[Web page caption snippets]
++++++++++++++++++++

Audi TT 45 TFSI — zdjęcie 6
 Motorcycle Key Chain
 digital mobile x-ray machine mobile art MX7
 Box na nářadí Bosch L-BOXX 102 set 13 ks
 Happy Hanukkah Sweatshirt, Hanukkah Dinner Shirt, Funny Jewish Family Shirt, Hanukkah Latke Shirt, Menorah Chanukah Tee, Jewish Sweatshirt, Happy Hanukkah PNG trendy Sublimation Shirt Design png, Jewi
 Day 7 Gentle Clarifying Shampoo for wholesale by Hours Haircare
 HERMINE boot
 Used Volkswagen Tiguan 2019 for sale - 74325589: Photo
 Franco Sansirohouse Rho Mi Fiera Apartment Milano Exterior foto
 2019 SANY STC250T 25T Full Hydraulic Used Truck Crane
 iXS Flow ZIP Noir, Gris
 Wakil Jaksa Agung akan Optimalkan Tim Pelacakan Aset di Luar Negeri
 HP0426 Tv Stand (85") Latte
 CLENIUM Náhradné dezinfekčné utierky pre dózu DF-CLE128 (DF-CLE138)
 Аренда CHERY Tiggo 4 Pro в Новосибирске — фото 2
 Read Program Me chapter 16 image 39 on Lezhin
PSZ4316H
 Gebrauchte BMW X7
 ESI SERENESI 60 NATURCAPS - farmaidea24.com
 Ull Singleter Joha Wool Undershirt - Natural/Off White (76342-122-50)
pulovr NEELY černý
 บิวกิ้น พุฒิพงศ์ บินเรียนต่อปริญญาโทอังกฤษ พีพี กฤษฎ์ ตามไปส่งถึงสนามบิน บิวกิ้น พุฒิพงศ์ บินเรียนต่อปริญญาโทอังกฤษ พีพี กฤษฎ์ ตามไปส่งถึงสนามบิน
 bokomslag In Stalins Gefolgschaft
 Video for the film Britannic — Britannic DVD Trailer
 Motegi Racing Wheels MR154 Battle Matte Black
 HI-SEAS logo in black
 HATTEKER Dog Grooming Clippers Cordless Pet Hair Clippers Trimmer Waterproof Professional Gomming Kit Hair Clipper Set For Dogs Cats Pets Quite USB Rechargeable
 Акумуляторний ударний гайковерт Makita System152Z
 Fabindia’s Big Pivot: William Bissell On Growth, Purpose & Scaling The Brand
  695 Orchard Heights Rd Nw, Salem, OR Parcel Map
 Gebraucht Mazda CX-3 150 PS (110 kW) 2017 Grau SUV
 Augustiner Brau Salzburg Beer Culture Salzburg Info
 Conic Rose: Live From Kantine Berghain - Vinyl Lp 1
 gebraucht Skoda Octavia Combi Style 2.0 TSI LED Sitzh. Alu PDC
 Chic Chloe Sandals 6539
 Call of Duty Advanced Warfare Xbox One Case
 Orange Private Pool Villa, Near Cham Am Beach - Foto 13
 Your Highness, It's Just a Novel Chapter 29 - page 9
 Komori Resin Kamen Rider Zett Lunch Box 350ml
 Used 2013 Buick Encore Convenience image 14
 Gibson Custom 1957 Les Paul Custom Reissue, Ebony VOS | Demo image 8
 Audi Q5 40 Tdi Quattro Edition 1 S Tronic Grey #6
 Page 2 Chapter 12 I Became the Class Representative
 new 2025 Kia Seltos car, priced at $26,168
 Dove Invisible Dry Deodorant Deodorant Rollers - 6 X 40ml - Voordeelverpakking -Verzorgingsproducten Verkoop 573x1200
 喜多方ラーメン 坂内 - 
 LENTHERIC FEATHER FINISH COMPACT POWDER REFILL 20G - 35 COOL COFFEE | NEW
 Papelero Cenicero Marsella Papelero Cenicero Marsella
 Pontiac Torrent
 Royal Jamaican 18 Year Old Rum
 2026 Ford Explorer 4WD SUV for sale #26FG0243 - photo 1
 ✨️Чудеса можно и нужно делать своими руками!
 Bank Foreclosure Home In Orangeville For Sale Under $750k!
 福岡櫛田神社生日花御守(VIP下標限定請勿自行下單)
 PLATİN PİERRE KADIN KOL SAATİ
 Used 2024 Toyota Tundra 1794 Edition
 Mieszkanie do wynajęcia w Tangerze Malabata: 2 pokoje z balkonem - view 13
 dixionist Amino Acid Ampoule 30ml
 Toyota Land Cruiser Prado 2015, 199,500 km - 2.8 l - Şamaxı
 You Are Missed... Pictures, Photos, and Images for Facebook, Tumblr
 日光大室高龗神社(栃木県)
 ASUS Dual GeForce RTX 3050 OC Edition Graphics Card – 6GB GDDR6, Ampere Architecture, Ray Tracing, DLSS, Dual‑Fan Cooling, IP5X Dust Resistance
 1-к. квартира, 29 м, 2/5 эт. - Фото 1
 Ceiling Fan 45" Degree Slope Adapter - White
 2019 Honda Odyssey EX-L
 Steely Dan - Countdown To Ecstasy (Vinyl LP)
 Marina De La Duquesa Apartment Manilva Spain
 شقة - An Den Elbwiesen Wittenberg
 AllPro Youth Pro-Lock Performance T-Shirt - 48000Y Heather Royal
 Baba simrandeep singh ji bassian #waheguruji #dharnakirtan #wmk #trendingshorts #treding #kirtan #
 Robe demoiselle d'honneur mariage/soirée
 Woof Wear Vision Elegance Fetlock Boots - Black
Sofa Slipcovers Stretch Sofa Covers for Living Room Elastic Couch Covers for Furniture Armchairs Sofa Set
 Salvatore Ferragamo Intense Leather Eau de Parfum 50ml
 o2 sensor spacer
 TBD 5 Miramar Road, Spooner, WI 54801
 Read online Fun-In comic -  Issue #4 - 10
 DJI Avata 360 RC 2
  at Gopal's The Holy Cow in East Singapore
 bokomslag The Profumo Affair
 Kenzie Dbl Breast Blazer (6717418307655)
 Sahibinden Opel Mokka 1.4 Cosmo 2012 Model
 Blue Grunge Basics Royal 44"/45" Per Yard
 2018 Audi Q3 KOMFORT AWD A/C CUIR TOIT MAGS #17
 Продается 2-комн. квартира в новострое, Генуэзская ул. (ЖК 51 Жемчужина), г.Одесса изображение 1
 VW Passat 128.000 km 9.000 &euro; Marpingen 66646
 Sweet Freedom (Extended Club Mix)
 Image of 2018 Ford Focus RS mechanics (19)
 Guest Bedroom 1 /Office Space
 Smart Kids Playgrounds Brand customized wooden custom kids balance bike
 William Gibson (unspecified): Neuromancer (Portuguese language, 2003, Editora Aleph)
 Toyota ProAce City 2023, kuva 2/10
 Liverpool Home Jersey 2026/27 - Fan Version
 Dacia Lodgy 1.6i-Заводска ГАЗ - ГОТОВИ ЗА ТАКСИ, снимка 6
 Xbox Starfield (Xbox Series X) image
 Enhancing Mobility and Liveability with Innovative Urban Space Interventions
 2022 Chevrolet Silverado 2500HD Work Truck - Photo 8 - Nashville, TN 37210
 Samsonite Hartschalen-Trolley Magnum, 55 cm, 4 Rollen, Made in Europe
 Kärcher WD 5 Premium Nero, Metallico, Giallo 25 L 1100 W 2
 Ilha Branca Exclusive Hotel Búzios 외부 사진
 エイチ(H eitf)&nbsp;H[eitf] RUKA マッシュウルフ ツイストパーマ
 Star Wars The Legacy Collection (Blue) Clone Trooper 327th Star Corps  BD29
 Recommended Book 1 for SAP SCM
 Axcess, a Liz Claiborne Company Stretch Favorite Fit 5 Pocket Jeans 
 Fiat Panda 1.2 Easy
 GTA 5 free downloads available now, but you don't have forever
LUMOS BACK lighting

++++++++++++++++++++

- BRIEF:
How many of the lines above include the word "Gibson"? State that number and nothing else.

- EXPECTED ANSWER:
2